# Turtle Stickers



## Julius25 (Jan 23, 2013)

I saw on certain video on youtube that some people who received turtle from a site (i don't remember wich one) have with it a sticker writing on "Warning, protected by killer turtle"
I'm searching this sticker, i can't find it in France and i don't know where to fin one.
Anyone can help me ?


----------



## Julius25 (Jan 23, 2013)

Nobody ???


----------



## kathyth (Jan 23, 2013)

Turtle Source sends this sticker with new turtles


----------



## Julius25 (Jan 23, 2013)

Ha ok it's turtle source.
But the problem it's that i can't received anything from them because they don't send in France.
I will try to make them an e-mail.
Thanks


----------



## Angi (Jan 23, 2013)

Spikesthebest sent me a sticker when I bought Muzuri from him.

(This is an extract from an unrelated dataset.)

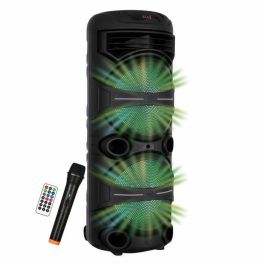 Inovalley INO3760024830218 Altavoz Karaoke Luminoso 1000W Bluetooth V5.0 con Micrófono Inalámbrico y Batería 2-3h Precio: 189.4999997. SKU: B1GEF9XZKF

Ask him about it.


----------



## Pokeymeg (Jan 24, 2013)

I got mine from TurtleSource


----------



## Julius25 (Jan 24, 2013)

i send a mail yesterday and i'm waiting .... finger cross


----------



## james1974 (Jan 24, 2013)

Ben Siegel.com it a pet shop out of Florida he's got all kinds of stickers like that and awesome reptiles too.


----------



## Julius25 (Jan 25, 2013)

Turtle source didn't answer me ...


----------